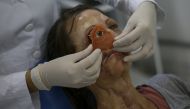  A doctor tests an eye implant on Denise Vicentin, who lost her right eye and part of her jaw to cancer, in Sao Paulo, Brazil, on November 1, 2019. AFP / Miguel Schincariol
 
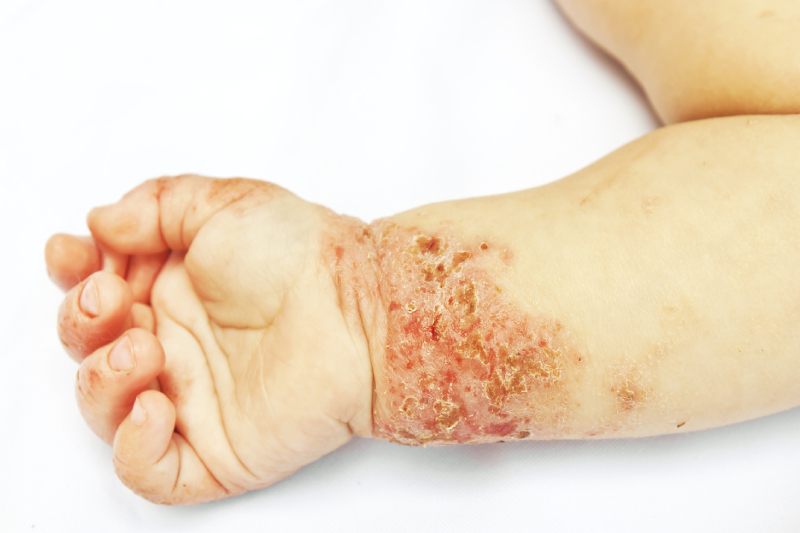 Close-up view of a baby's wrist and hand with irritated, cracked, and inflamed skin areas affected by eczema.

* * *

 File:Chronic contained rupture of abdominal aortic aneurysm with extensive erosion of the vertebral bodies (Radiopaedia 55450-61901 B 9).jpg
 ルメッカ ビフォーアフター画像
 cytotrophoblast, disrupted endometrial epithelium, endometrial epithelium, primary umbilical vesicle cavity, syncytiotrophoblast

» BRIEF
Everything above from the line containing "File:Chronic contained rupture" down to the line containing "cytotrophoblast, disrupted endometrial" is to be transcribed exactly, with both of those lines included and nothing else added.

» RESPONSE FOR THIS EXERCISE
 File:Chronic contained rupture of abdominal aortic aneurysm with extensive erosion of the vertebral bodies (Radiopaedia 55450-61901 B 9).jpg
 ルメッカ ビフォーアフター画像
 cytotrophoblast, disrupted endometrial epithelium, endometrial epithelium, primary umbilical vesicle cavity, syncytiotrophoblast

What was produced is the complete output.